───── STORED DATA ─────
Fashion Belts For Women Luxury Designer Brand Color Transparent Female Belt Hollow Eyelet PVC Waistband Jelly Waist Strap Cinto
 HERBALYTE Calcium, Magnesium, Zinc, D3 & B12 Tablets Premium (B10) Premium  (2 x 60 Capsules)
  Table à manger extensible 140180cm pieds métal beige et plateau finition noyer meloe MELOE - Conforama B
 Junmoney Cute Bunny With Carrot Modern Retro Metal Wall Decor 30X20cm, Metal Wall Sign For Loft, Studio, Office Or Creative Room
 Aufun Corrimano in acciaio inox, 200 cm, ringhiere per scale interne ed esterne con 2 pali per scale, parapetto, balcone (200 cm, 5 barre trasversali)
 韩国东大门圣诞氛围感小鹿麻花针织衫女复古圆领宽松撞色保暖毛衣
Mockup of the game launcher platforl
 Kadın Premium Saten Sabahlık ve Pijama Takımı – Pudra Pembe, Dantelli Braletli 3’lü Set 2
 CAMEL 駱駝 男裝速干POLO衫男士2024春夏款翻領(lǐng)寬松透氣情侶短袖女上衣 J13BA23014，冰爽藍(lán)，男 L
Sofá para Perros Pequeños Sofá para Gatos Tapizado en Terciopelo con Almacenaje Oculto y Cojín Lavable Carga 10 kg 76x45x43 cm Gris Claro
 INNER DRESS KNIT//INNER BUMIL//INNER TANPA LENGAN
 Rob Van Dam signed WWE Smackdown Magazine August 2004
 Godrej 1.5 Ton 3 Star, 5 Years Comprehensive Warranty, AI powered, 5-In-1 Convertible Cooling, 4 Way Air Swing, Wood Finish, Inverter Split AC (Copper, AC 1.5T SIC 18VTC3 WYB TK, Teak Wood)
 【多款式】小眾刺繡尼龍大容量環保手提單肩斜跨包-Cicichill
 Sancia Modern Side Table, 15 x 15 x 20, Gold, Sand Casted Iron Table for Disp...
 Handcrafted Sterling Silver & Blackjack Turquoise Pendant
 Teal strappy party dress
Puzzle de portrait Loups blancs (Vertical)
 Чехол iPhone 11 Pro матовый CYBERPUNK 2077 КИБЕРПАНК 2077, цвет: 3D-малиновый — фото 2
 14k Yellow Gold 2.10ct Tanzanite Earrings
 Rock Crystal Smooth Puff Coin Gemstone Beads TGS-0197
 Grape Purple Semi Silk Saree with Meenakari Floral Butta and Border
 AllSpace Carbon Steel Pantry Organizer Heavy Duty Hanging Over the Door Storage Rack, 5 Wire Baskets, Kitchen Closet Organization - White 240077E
─────
#### TRY IT:
Which lines run from the one holding "HERBALYTE Calcium, Magnesium, Zinc, D3" through the end of the data? Write them out exactly, ends included, and add nothing.

#### ANSWER SECTION:
 HERBALYTE Calcium, Magnesium, Zinc, D3 & B12 Tablets Premium (B10) Premium  (2 x 60 Capsules)
  Table à manger extensible 140180cm pieds métal beige et plateau finition noyer meloe MELOE - Conforama B
 Junmoney Cute Bunny With Carrot Modern Retro Metal Wall Decor 30X20cm, Metal Wall Sign For Loft, Studio, Office Or Creative Room
 Aufun Corrimano in acciaio inox, 200 cm, ringhiere per scale interne ed esterne con 2 pali per scale, parapetto, balcone (200 cm, 5 barre trasversali)
 韩国东大门圣诞氛围感小鹿麻花针织衫女复古圆领宽松撞色保暖毛衣
Mockup of the game launcher platforl
 Kadın Premium Saten Sabahlık ve Pijama Takımı – Pudra Pembe, Dantelli Braletli 3’lü Set 2
 CAMEL 駱駝 男裝速干POLO衫男士2024春夏款翻領(lǐng)寬松透氣情侶短袖女上衣 J13BA23014，冰爽藍(lán)，男 L
Sofá para Perros Pequeños Sofá para Gatos Tapizado en Terciopelo con Almacenaje Oculto y Cojín Lavable Carga 10 kg 76x45x43 cm Gris Claro
 INNER DRESS KNIT//INNER BUMIL//INNER TANPA LENGAN
 Rob Van Dam signed WWE Smackdown Magazine August 2004
 Godrej 1.5 Ton 3 Star, 5 Years Comprehensive Warranty, AI powered, 5-In-1 Convertible Cooling, 4 Way Air Swing, Wood Finish, Inverter Split AC (Copper, AC 1.5T SIC 18VTC3 WYB TK, Teak Wood)
 【多款式】小眾刺繡尼龍大容量環保手提單肩斜跨包-Cicichill
 Sancia Modern Side Table, 15 x 15 x 20, Gold, Sand Casted Iron Table for Disp...
 Handcrafted Sterling Silver & Blackjack Turquoise Pendant
 Teal strappy party dress
Puzzle de portrait Loups blancs (Vertical)
 Чехол iPhone 11 Pro матовый CYBERPUNK 2077 КИБЕРПАНК 2077, цвет: 3D-малиновый — фото 2
 14k Yellow Gold 2.10ct Tanzanite Earrings
 Rock Crystal Smooth Puff Coin Gemstone Beads TGS-0197
 Grape Purple Semi Silk Saree with Meenakari Floral Butta and Border
 AllSpace Carbon Steel Pantry Organizer Heavy Duty Hanging Over the Door Storage Rack, 5 Wire Baskets, Kitchen Closet Organization - White 240077E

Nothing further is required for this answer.